Biz/Career/Financial

  1. Earn $554,000 per year
  2. Earn $10,000,000 per year(whatever number you want to strive for, as long as it's specific)
  3. Lead a business with $100 Million in annual revenue
  4. Sell a business for $50 Million
  5. Take a company public
  6. Save $10,000 in cash or 10 million in cash
  7. Invest $10,000 per month

Living Well/Things

  1. Build a 8500 sf home in Sherwood Sub with Jim O'Neal
  2. Buy a house in Vale, Co
  3. Take whole family to Hawaii for two weeks
  4. Travel Europe for two months with immediate family, staying at best places
  5. Purchase an Astin Martin DBS with cash

Contribution Goals

  1. Donate $25000 per year to ISU
  2. Feed 1000 families every Christmas
  3. Give 100 people $1000 in cash at gas stations the week before Christmas.

Some of these are outrageous, I know. But the way I see it, there are thousands of individuals out there who have the resources to have, do, and be all of these things. Why not us?

Once you've done this for each area, you have all of your one year goals. These will be the driving force for your program.

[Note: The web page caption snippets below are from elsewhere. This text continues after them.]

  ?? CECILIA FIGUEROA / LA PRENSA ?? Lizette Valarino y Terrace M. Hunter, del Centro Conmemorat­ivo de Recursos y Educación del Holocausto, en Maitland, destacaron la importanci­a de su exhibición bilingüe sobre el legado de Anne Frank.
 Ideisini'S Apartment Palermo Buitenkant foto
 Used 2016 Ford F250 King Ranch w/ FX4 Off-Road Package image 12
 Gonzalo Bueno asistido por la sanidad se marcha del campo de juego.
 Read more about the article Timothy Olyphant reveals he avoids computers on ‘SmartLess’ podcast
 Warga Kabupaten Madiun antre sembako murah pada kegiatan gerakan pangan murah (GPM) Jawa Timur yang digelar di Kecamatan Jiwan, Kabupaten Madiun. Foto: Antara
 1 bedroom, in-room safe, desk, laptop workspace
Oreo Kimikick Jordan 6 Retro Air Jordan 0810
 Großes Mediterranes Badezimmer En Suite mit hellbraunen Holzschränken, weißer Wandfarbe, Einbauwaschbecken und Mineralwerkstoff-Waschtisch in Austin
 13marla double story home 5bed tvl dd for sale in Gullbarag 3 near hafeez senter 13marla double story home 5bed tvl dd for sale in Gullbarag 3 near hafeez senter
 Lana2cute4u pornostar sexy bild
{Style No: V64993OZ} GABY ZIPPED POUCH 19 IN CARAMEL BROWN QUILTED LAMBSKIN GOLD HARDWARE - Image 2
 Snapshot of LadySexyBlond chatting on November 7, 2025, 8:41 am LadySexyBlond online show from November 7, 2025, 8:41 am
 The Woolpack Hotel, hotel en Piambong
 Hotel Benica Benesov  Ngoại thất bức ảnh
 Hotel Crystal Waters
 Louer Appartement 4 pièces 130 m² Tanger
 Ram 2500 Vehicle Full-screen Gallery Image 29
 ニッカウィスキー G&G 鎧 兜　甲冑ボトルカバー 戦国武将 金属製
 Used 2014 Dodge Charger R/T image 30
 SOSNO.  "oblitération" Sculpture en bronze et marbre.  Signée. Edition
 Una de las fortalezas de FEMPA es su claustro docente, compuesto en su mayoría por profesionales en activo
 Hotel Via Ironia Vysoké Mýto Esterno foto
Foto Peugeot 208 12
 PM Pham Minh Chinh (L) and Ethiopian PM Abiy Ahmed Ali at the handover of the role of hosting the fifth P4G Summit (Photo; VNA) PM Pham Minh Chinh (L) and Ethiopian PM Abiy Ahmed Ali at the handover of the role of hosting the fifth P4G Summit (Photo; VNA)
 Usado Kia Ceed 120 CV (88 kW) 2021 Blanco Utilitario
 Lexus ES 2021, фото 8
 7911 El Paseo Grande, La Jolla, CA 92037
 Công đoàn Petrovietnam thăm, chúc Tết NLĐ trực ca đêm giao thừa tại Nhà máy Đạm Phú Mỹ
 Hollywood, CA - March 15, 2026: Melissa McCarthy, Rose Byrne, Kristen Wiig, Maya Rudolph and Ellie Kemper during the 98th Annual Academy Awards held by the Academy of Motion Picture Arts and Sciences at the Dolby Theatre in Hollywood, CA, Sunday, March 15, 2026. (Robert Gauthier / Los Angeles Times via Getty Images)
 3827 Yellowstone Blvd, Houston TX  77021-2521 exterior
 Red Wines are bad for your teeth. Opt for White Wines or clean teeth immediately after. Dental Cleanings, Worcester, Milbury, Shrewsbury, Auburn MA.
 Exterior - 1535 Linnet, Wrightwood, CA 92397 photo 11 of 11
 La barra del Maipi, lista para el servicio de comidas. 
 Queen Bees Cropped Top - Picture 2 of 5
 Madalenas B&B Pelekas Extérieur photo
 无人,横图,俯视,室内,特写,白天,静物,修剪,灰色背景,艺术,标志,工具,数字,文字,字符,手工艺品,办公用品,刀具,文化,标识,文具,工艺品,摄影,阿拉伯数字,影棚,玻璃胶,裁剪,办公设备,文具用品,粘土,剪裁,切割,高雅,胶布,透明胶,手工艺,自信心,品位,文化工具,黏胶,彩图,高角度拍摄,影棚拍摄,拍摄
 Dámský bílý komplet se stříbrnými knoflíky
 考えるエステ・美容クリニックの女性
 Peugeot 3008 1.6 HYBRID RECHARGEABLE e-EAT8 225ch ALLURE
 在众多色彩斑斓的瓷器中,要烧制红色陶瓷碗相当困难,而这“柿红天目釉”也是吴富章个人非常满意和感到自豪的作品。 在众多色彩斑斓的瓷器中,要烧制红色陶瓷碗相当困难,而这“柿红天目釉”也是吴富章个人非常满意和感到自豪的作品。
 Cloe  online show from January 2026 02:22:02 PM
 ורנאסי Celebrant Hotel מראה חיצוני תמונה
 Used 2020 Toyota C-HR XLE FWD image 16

This next step is the most important. Go through your list of one year goals, and articulate WHY you will have these goals, this year. Be descript. Explain why you need them, how it will feel when you've accomplished them. These emotional descriptions will provide the fuel for your fire throughout the year. If you find yourself not following through on your Simple Disciplines, then you have weak REASONS WHY. Go back and look at your reasons-they need to be strong, compelling reasons.

Next, go through the process of looking at each area and determine what activities drive the results you need in each category. Every area, every goal has a handful of activities that drive 90% of the positive results in each area. For example, working out hard with cardio and strength training, and eating right are the key fundamentals for building a good body. These few fundamentals, or Simple Disciplines, are the things we'll focus on for the next 90 days. The Simples Disciplines, when executed consistently with passion and laser focus, will launch us to our goals, this year! Cut out all of the crap we waste time on. We feel busy doing them, but they add no value toward building our vision.

Stay plugged in. Act as if this were already real. Get into peak state every day.